Response from Dr. Cohen

Sorry for the delay Bob. Hope this comes in time to be of use.

There are studies done in those with a baseline viral load over 100,000 like yourself. And on the simple regimen of Combivir/Ziagen there was a reasonable chance of getting the viral load to below 50 copies - our hurdle to a most durable regimen. But there is a somewhat reduced chance of getting there on this combination than on others. The most consistently successful of the three drug combos at high viral loads has been the combination of two nucleosides and a nonnuke - most of the data is with Sustiva/efavirenz, and there is some controversy although some support for how well nevirapine/Viramune might do here as well (with two nucleosides).
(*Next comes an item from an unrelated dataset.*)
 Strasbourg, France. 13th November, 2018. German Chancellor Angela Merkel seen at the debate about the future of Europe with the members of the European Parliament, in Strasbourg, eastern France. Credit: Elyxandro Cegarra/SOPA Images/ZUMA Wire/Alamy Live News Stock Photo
However - other combinations can get you there. And you can look at certain timepoints to know if you are "on track" to getting there - meaning in the first 24 weeks, most likely your viral load should be getting close to 50 copies - certainly down towards 400 by then - it can take up to 36 weeks to drop to below 50 copies when starting at a viral load over 300,000. As long as each time you check you are continuing to drop - then this combo can be potent enough for you. It appears to be potent enough for maybe a third of those who take it at this viral load level. And if you do get there - it appears to be durable.

If on the other hand you are not getting towards 50 copies, or bouncing around after being there - there is some interesting info to look at. One school of thought suggests we should do whatever we can to get to below 50 - and so changing this regimen in some way would be needed. The best change to make is unclear - one approach however would be to change at least two drugs if one of them is a nonnuke - like staying on AZT, but stopping the 3TC and abacavir, and going on ddI with a nonnuke. Or keeping the abacavir, and adding ddI and a nonnuke. Or keeping the abacavir, and going on d4T and the nonnuke... get the idea?
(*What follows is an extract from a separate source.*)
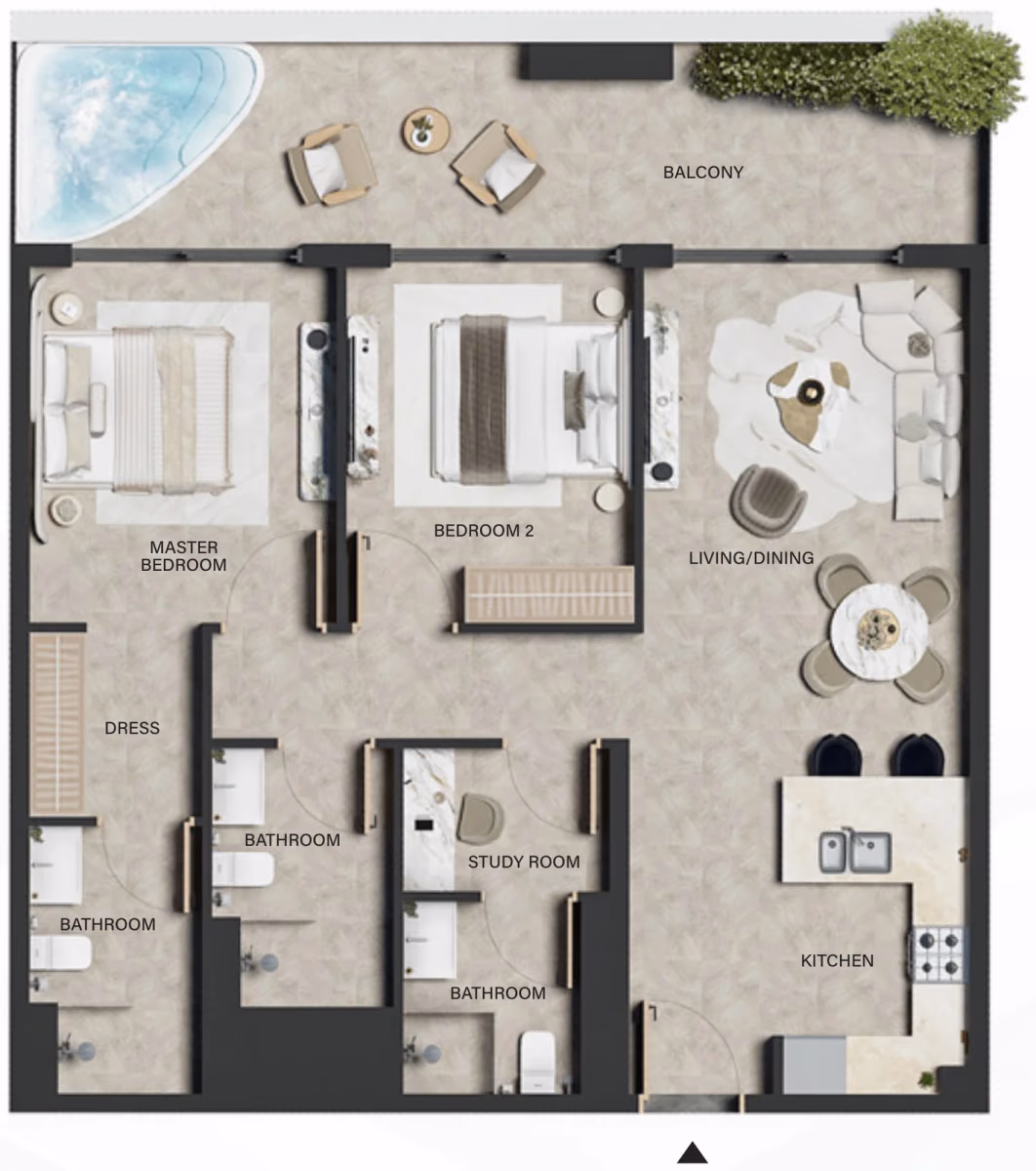 תוכנית 2 חדרי שינה · Type 01 ב־נדל"ן להשקעה LEOS Weybridge Gardens 5, באזור Dubailand, דובאי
That's because if your viral load is not below 50, you likely now have a viral strain that is partially resistant to the 3TC - the most vulnerable drug in your combination. And while you could just add the nonnuke at that point, we have noted in past studies that just adding a nonnuke has occasionally resulted in viral resistance to it as well - adding a single drug like the nonnukes that are "one mutation away" from resistance can sometimes be too easy for HIV to learn how to ignore. So we would change at least two drugs if one is the nonnuke - and since you would not want to be on five meds, and maybe even avoid being on four if you could, one option would be what I mentioned as a way to stay on three.

Hope that clarifies. With any luck you are heading to below 50 and won't need the fine tuning - let me know what happened.